First, we considered finding a better method to train LLMs to solve competitive programming problems or design a novel pipeline. After some cost analysis, this would be extremely expensive. Fine tuning a model to achieve decent results would mean at least a 7B parameter model. Any model with fewer parameters would spit out gibberish and just get stuck in a loop. Fine tuning on Colab wouldn't cut it. We had to train overnight, and even then it would run out of resources and crash. You could persist the data and training checkpoints, but this iteration time was much too slow. If we used Lambda, we did have the option of using a multiple GPU cluster. However, we found that libraries like TRL and VERL were quite difficult to get working, and much of the issues were caused by configuration errors. Using a single GPU would work, but iteration time was still too slow. Because of all these factors, we decided on taking a cheaper approach that didn't require so many iterations and didn't require much fine tuning.
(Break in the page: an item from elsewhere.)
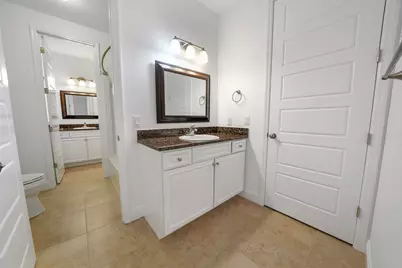 300 Coconut Grove Court, Panama City Beach, FL 32407 - Photo 42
Then, our mentor suggested we look at test case generation, suggesting that the latest papers focusing on improving test case generation, particularly TCGBench, were only a few months old. This was a rising area that we thought we could make progress on. Digging deeper, we found papers like TestCase-Eval, rStar-Coder, CodeContests+, CURE, and CodeHacks, all of which were fairly recent and directly related to test case generation. They focused on benchmarking test case generation, using test cases to train models, accurately validating and invalidating code based on test cases, and generating high-quality test case datasets. We scrutinized this area of research for any gaps.

Unlike competitive math, competitive programming has the advantage of being easily testable. Contestants always run their code with the sample test cases within the problem test cases as well as any test cases that they come up with. How often does their code work on the first try? Not very often, especially on harder problems. As blindly submitting code to the judge doesn't work for humans, neither does it work for LLMs. To fix their code, they first need to know where their code goes wrong. To even submit their code, they need to make sure it's correct for all the test cases that they know of. The backbone for all of these relies on test case generation at runtime for voting and debugging, simulating what humans already do.
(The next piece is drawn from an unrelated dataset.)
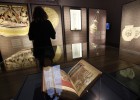 El camino de Santiago pasa por El Carme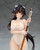Azur Lane Takao Sandy Beach Rhapsody Ver. 1/7 PVC Figure Azur Lane Takao Sandy Beach Rhapsody Ver. 1/7 PVC Figure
To this end, we first considered Codeforces hacking. In Codeforces, users who have solved a problem can view the code of other users. If some submission is sketchy, they can submit a test case to prove that submission wrong compared to the ground truth code result. If the new test case successfully proves the submission wrong, the test case runs on all submissions. Following the release of the paper CodeHacks during our brainstorming week, we considered the direction of generating failure-inducing test cases, but we ultimately rejected it after deciding that it was too hard of a problem to solve with our limited resources. Still, generating error-inducing test cases both to hack submissions and also improve LLM code at runtime remains a viable and unexplored area. It may even be extended to unit test case generation for real-world software projects.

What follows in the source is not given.